● **Task goal**
What is needed is the exact text of each line in the listing below from the one with "Oak Courts in" up to and including the one with "s.Oliver Pumps in Black", and no pictures.

*** Opening of Raw data ***

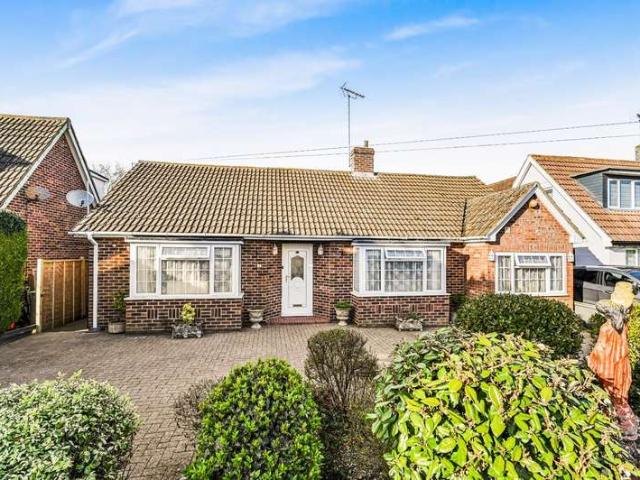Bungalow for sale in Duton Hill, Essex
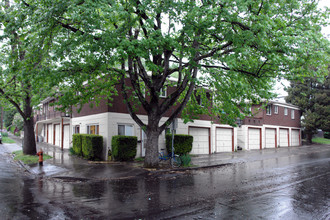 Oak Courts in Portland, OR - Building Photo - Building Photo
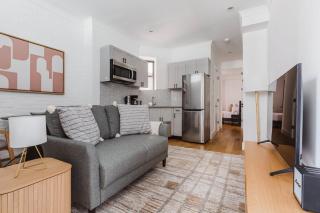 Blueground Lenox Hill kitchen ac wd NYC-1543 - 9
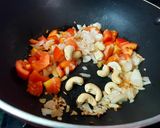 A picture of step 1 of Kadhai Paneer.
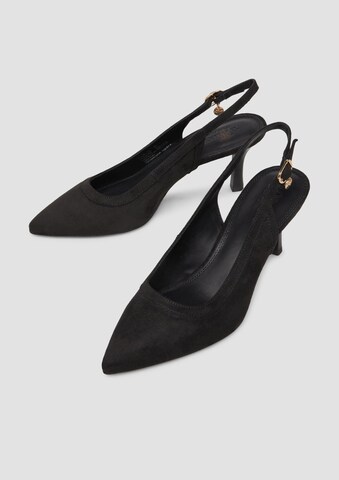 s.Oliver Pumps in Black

*** Close of Raw data ***
*** Opening of Raw data ***

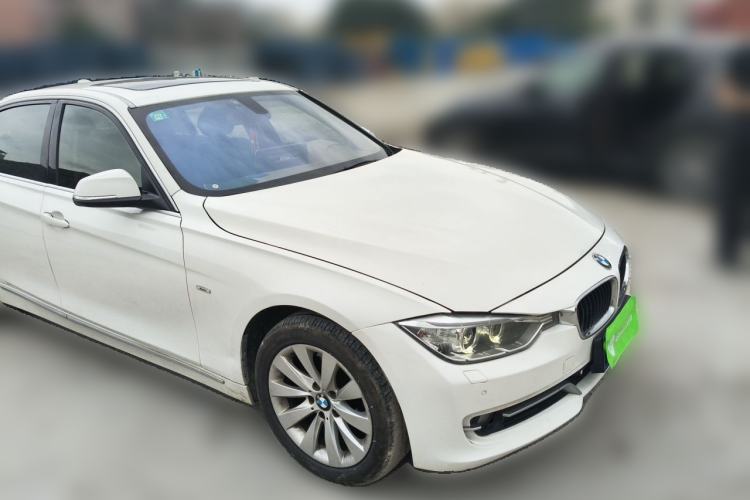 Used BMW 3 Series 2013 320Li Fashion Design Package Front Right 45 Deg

*** Close of Raw data ***
*** Opening of Raw data ***

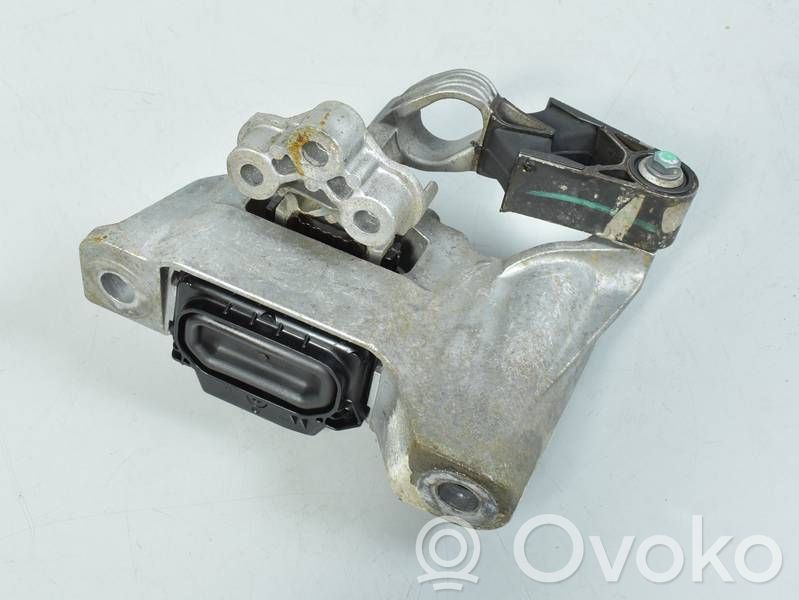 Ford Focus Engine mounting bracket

*** Close of Raw data ***

● **Answer box**
 Oak Courts in Portland, OR - Building Photo - Building Photo
 Blueground Lenox Hill kitchen ac wd NYC-1543 - 9
 A picture of step 1 of Kadhai Paneer.
 s.Oliver Pumps in Black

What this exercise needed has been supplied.